届出は、行政法によると原則は禁止されていない業務ではあるが、行政の監督に服させるために、届出により最小限の参入制約を課することとされています。

電気通信役務、言い換えると電気通信に関するサービスは、非常に広い概念を含んでいるので「この業務に届出が必要なの?」と思うような業務が含まれています。そのため、届出を忘れることや、そもそも知らないことも多く、気づかない間に法令違反となっていることもあります。

そこで、届出をしなければならない場合と、届出の留意点について、押さえていただくためこの記事で解説します。

電気通信事業に該当すると届出が必要

電気通信事業に該当すると、原則として届け出が必要になります。

電気通信事業は、監督官庁である総務省によると、広く電気通信設備を他⼈の通信の⽤に供することをいいます。ただし、自分が他人と通信しているだけであれば、電話を掛ける、インターネットを利用する、といった行為と本質が変わりませんので、ここまで届出を必要とはしていません。
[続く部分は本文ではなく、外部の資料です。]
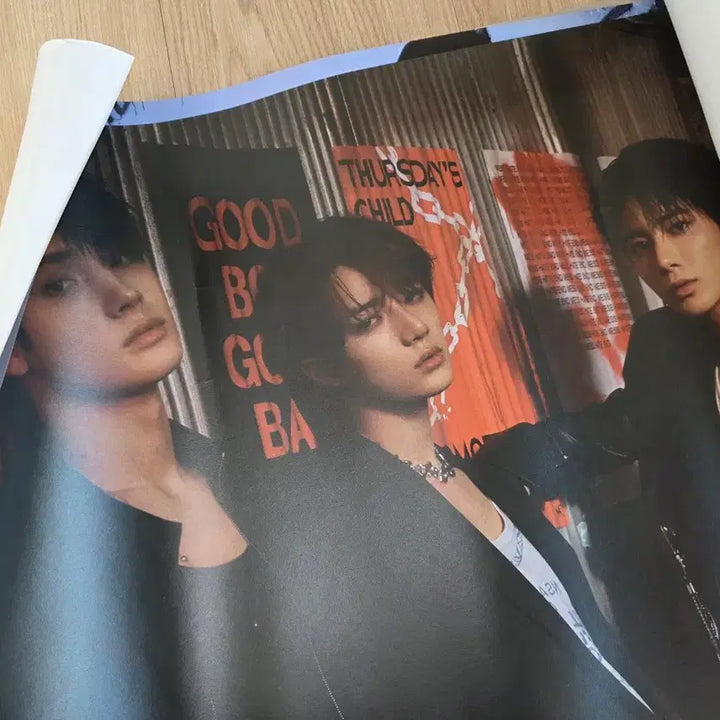 [BUNJANG] TXT Album Poster / (나눔) 투바투 떨차 지비지비 앨범 포스터 3장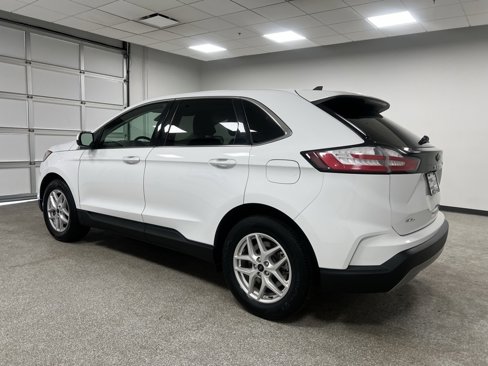 Used 2024 Ford Edge SEL image 8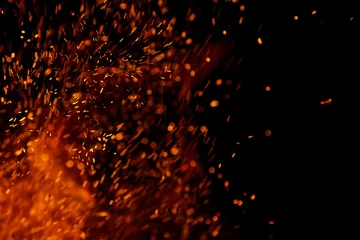 Deurstickers vuur vlammen met vonken op een zwarte achtergrond © studybos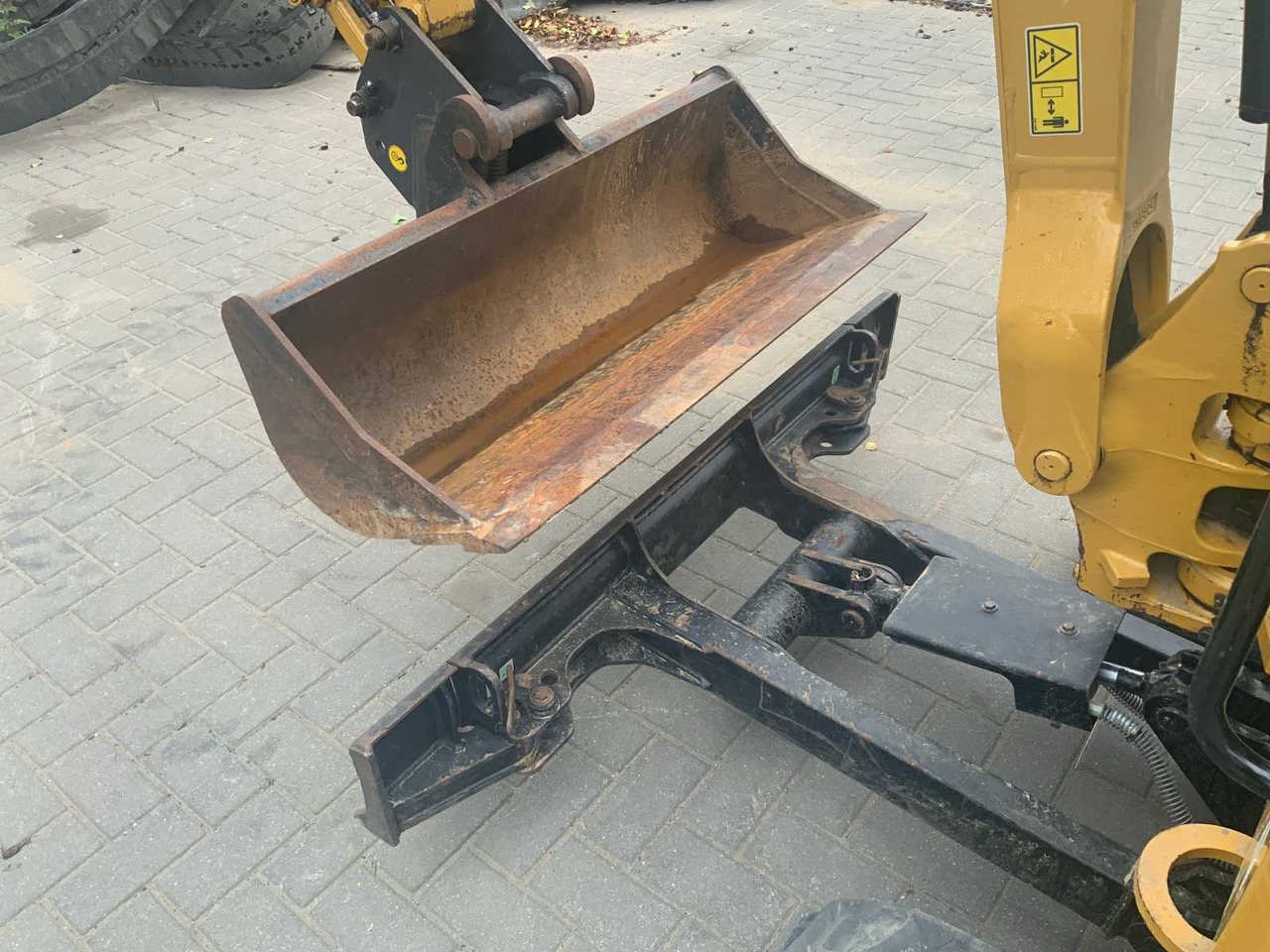מיני מחפר Caterpillar 301.6: תמונה 26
電気通信事業法でいう「電気通信事業者」に該当する範囲は広い

事業として、他人と他人の通信を媒介する場合、電気通信事業であるとして届出が必要になります。この届出が必要な事業の範囲が意外に広いことに注意が必要です。

携帯電話会社やインターネットサービスプロバイダといったような、通信のための設備を用意し、それを用いたサービスをお客さんに提供するような会社は、典型的に他人と他人の通信を媒介していますので、届出が必要です。

また、レンタルサーバ事業のように、他人と他人の通信をサーバで媒介しているサービスが電気通信事業である、というとイメージがわきやすいものと思います。

Webサービスなどは届出を怠ってしまう事業者も

しかし、これらの目に見える装置を使って他人の通信を媒介している場合のほか、次のようなソフトウェアとサーバを介した他人と他人の通信の媒介も電気通信事業に当たります。

  • メッセージアプリ
  • Webサービス内でユーザー同士のメッセージのやり取りができるようなサービス

これらのサービスを提供している場合にも、電気通信事業者としての規制を受け、届出が必要です。例えば、Webサービス内でメッセージボックスやチャットを設置、ユーザー同士がメッセージのやり取りができる機能がある場合ですと、届出が必要となります。

これに対して、ユーザー同志がメッセージのやり取りをするのではなく、サービス提供者との間でしかメッセージのやり取りはしない、あるいはメッセージ機能がない場合は、届出は不要です。
しかし、メッセージのやり取りの機能を有するアプリやクラウドサービスを提供しているケースでは、届出を失念しているか、そもそも届出しなければならないことを知らないといった事業者の方もいるようです。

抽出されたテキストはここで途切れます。